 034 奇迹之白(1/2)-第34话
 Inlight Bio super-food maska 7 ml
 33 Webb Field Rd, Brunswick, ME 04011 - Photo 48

........

— Work item —
The full listing above should be repeated without omission.

— Output of the exercise —
 034 奇迹之白(1/2)-第34话
 Inlight Bio super-food maska 7 ml
 33 Webb Field Rd, Brunswick, ME 04011 - Photo 48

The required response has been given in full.